By GWEN BRISTOL, Correspondent

BISMARCK – Discussion on a bill that could limit the use of implanted
microchips in humans ignited plenty of what-if scenarios at a Senate
Judiciary Committee hearing on Wednesday.

The bill was presented by Sen. Randel Christmann, R-Hazen, with the
intent to keep employers from forcing employees to have microchip
implants for the purpose of closer supervision.

“The technology, if not there, is very close,” Christmann said. “We
want to make sure employees are never pressured into this before it
becomes a problem.”

“How far does it really go?” asked Bismarck resident Jim Oshanyk, who
said the implanted microchips could keep track of an employee’s
movements down to the number of hand repetitions. “They can keep very
close tabs on you. My main concern is privacy.”

Oshanyk listed examples of microchip implant uses, including a
business in Ohio that required some employees working on top-secret
projects to have implants. He mentioned that in some areas, newborns
receive implants that could track them if they were ever abducted.

Steve Bitz, also of Bismarck, said the microchip implantation could
work like a UPC code, but could differentiate products individually
and not just by type. In a human, it would work like an ID. Besides
being a privacy issue, Bitz said there could be health risks.
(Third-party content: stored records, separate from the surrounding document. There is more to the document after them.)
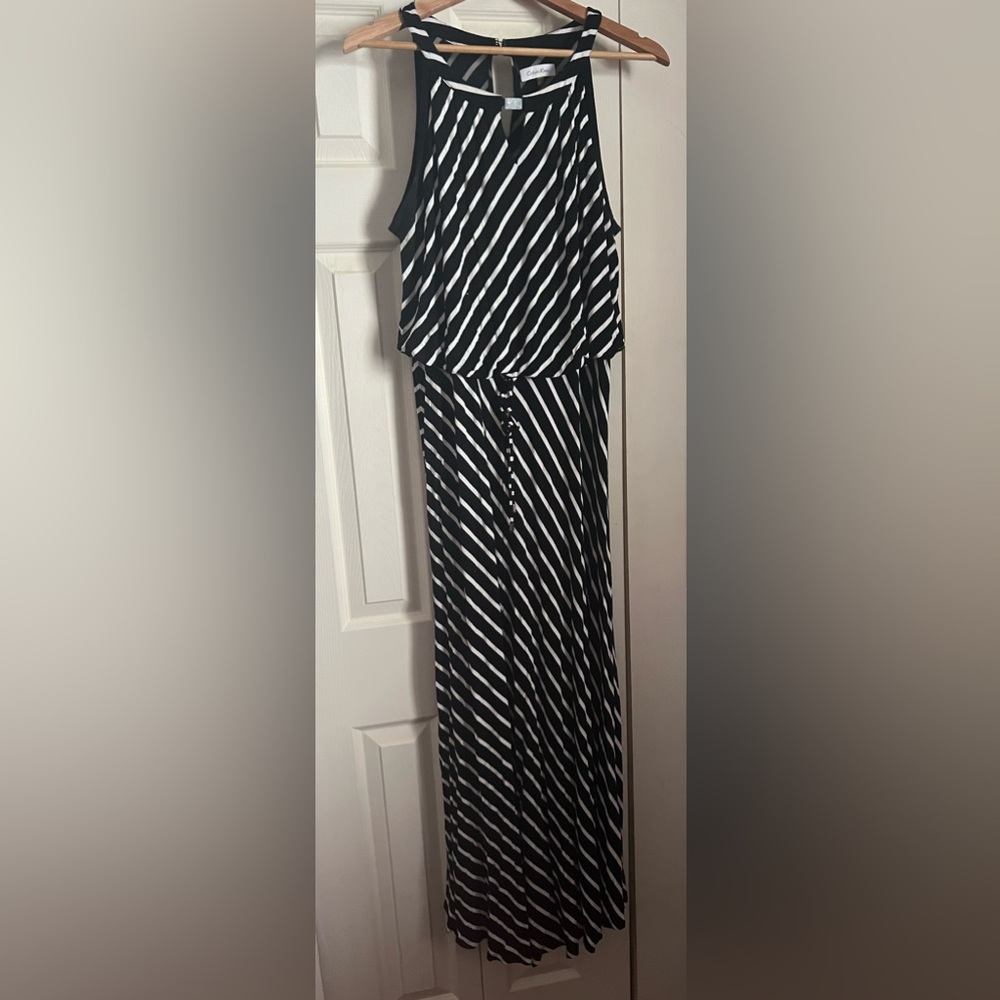 Calvin Klein Womens Black & White Striped Maxi Dress Plus Size 0X LIKE NEW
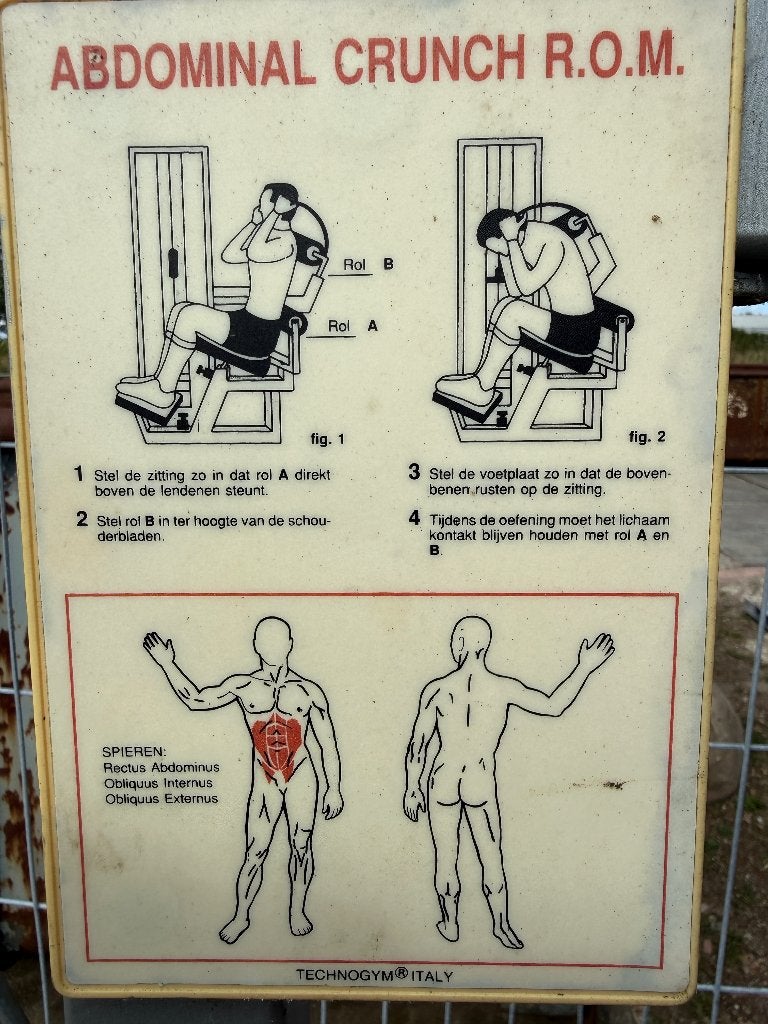 Technogym Abdominal crunch apparaat, Ophalen, Gebruikt, Krachtstation, Buik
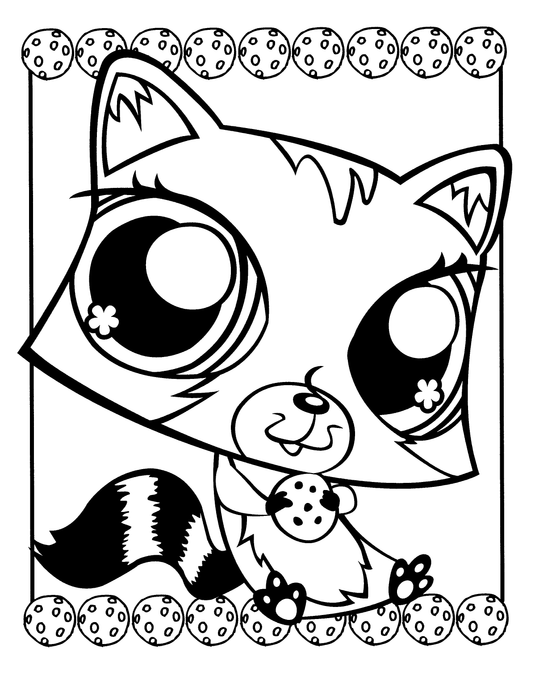 🦝 LPS Raccoon Coloring Pages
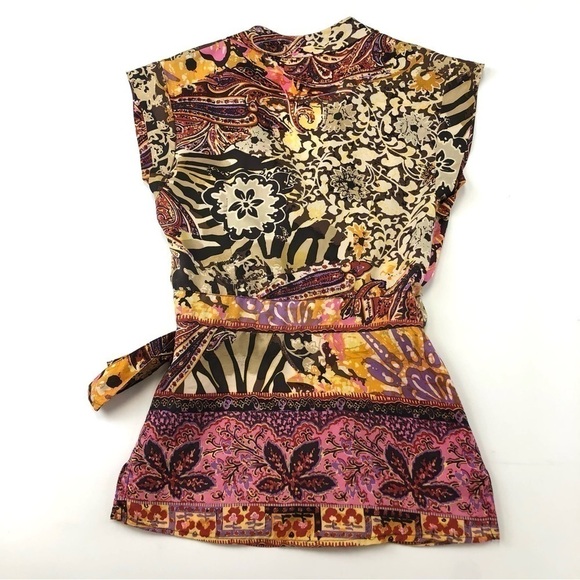 Pink Tartan silk wrap blouse in rich shades print XS - Picture 6 of 8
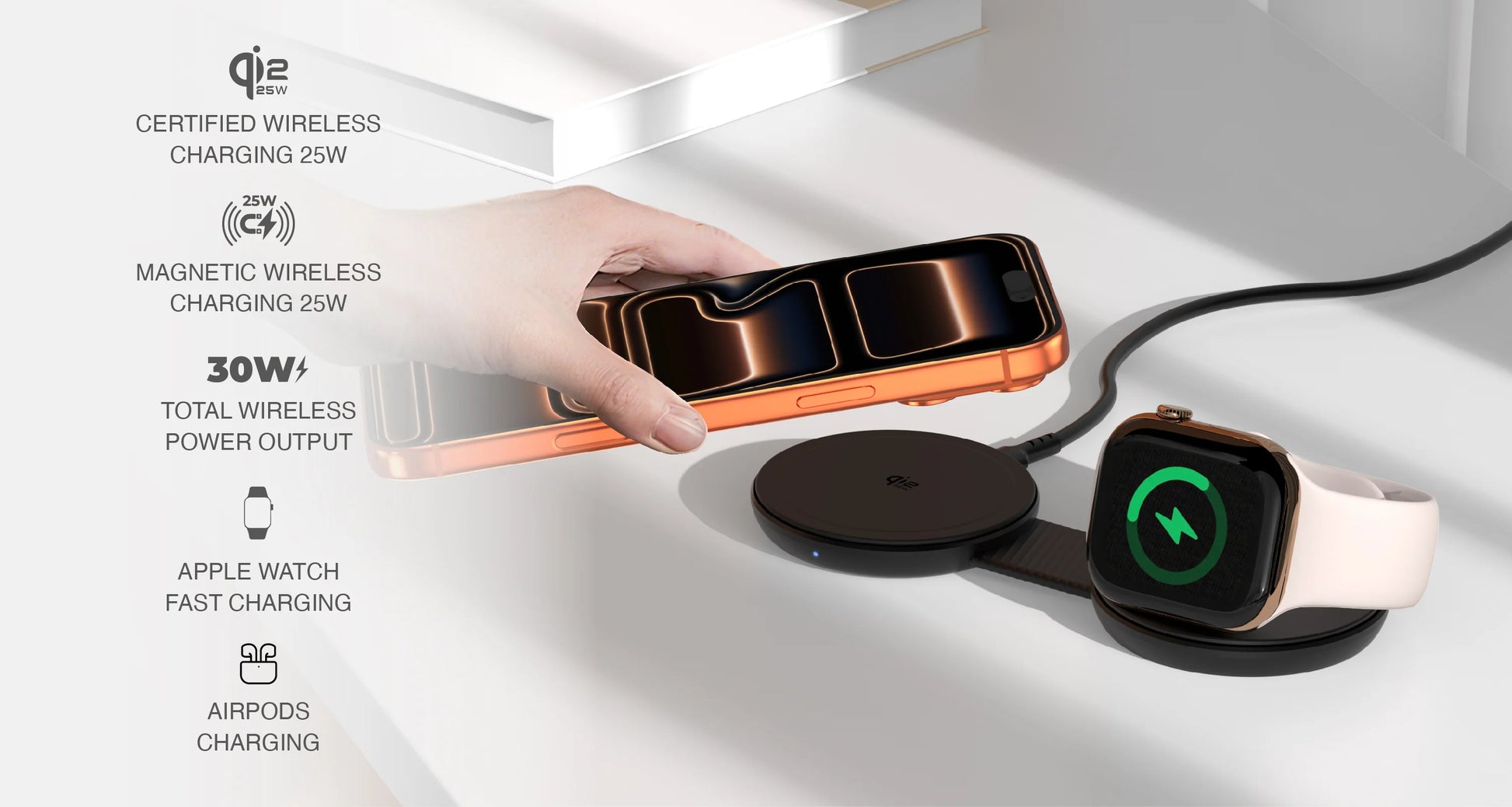 MAZER MagPad Duo2 Qi2.2 Certified 25W 2-in-1 Foldable Wireless Charging Pad (Black/White)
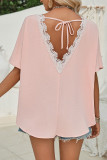 Plain Textured Back V Neck Lace Short Sleeves Top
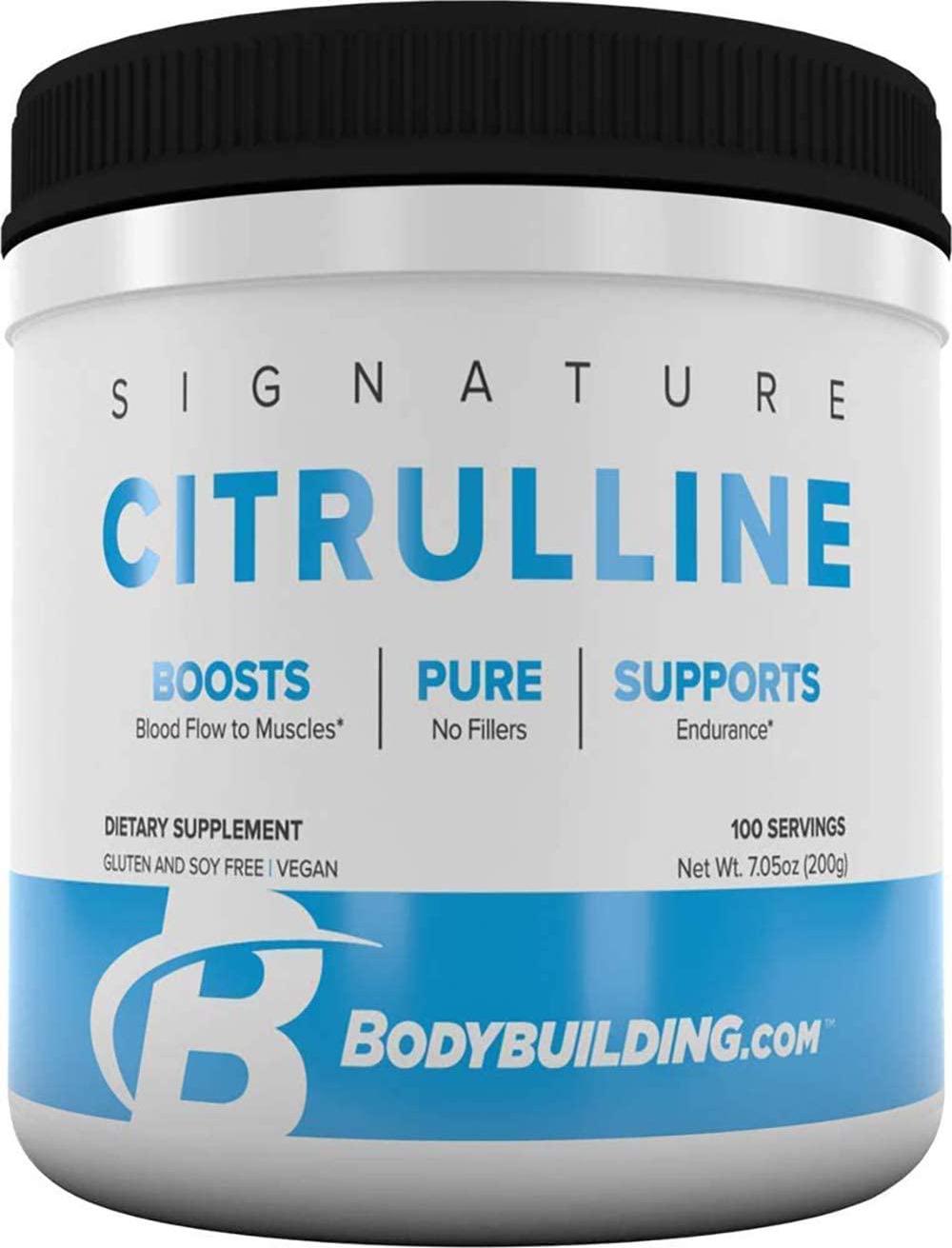 Bodybuilding Signature Citrulline Powder | L-Citrulline Supplement | Energy Blood Muscle Booster | Gluten Free | 200 Grams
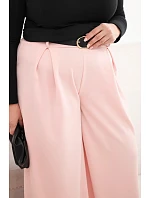 Dámske Plus veľkosť široké nohavice s opaskom Powder Pink Dámske Plus veľkosť široké nohavice s opaskom Powder Pink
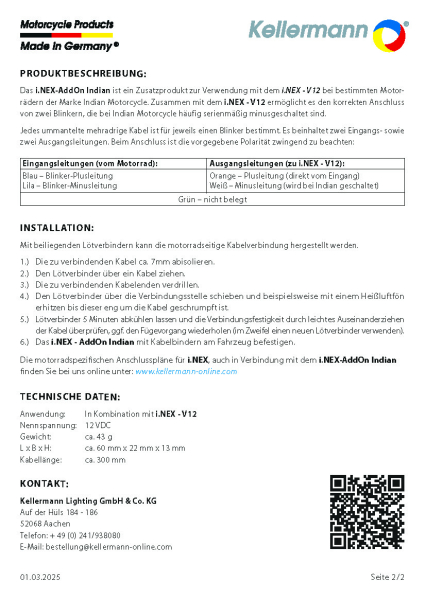 Indian-AddOn für die i.NEX von Kellermann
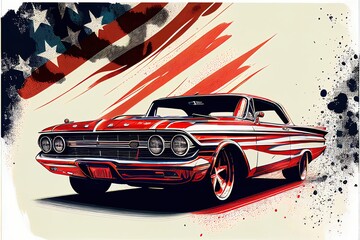  Sketch American Muscle Car with american flag. Poster style. Ai Generative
Irma
Bitner, a registered nurse with Professional Home Care, agreed.

Bitner said some of the health concerns are that the chips could
migrate inside a person’s body and could cause serious burns,
especially in cases where implanted individuals had to have treatments
like MRI scans.

She also said anyone who had the ability to read and clone the chips
could steal the identity information stored on the chips.

“I prefer my records to be kept in a record room,” she said.

“I do not want mandatory implants in our children,” she said
later. “Let them have the same freedoms we have had.”

One possible issue raised by committee members was that the bill could
limit the way some criminals could be tracked electronically.
Christmann’s position was to ban the microchip implantations and let
those criminals be monitored by other electronic means.